One of the claims that developer BioWare was making during development was that Mass Effect 3 would be a perfect entry point for players new to the series. I would have to wholeheartedly disagree. There is lots of terms and recollection of events that is mentioned offhand, very casually. This is not a problem if you’ve been following the series since the first game, but for someone who does not have that background, they’ll often be confused.
Another thing that will be lost on new players is the impact of certain events that take place in the game. They’ll have no attachment to the characters that fall throughout the story. One of the themes that has been used throughout the series is “Victory through sacrifice.” New players won’t have to sacrifice anything; there is no attachment to the characters, or at least not as deep of one.
The game plays like a fairly standard third person shooter. You take cover, you come out of cover and then you shoot guys. While that may sound monotonous, you pick a class at the beginning of the game that could change this. You could focus on using biotic powers (think the force), an engineer who can create drones to fight for you and combinations of all of the above. This is the best the series has ever felt when it comes to combat; it’s visceral, exciting and never feels like a chore.

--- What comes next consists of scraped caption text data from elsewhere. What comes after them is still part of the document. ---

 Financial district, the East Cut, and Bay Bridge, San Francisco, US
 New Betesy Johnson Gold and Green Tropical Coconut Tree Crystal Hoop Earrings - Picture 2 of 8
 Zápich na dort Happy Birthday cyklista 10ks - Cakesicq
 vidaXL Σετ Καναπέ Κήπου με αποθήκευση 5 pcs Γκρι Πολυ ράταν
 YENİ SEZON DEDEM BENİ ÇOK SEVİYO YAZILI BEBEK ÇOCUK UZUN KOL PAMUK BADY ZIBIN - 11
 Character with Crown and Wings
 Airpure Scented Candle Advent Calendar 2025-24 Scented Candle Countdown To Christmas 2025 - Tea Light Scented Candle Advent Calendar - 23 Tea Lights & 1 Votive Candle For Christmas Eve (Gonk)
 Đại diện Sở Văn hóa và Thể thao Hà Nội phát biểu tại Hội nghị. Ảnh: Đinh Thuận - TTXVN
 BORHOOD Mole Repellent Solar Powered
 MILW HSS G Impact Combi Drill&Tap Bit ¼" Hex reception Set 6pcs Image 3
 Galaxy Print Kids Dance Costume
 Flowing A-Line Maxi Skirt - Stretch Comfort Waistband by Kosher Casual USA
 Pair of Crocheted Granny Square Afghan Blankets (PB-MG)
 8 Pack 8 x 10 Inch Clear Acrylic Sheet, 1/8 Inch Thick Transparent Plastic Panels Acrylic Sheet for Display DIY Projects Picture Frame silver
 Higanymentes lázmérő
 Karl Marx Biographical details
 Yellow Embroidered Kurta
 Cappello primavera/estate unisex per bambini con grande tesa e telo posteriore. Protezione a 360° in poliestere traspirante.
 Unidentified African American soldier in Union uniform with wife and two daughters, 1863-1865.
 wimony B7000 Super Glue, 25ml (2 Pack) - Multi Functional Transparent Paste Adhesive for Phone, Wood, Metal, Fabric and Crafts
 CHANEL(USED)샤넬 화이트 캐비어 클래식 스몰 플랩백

BioWare has set such a precedent with story telling in this series. The universe feels fully fleshed out, especially if you end up spending hours in the games codex, which is basically the encyclopedia of the world’s fiction. It’s a universe that you will have no problem spending hours upon hours in, given that you like science fiction.
This is the first time in the series that they have had multiplayer. The multiplayer is only of the cooperative type; there are no death matches to be found here. It’s most akin to the “Horde” mode, made popular by Gears of War. The basic premise is you and up to three other players have to survive ten waves of enemies, accomplishing small objectives along the way. It reuses the classes that are found in the story, and it is a good way to test out new play styles for the main game.
I played the PS3 version of the game, so I cannot speak to the PC and Xbox 360 versions, but there seems to some technical issues. The framerate is not incredibly stable and get dip down into 20 frames per second at times. This basically means that the game will lose smooth movement, and that the action may look staggered and stuttered. I also encountered a bug where I could not enter an area in the game without it crashing. It eventually resolved itself and let me pass, but it held up side mission progress and definitely was something that should have been caught before the game shipped. There are odd bugs throughout like characters disappearing and reappearing seconds later. It definitely feels like this game could used at least three more months, just to iron out the technical problems. The end result is a rushed feeling, and it’s surprising that it shipped like this.
The players who are invested in the Mass Effect franchise will love this game. The ending has amassed a lot of controversy, with people petitioning BioWare to go as far as change the ending. I’m not going to spoil it, but I was extremely disappointed with the ending. I was ready to join the raving hordes of fans, ready to burn BioWare at the stake. Then I remembered the journey to get there. With so many expertly crafted moments between the characters and the story at large. Could 15 minutes really spoil a 20 hour experience? I don’t think so, but that is up to you to decide.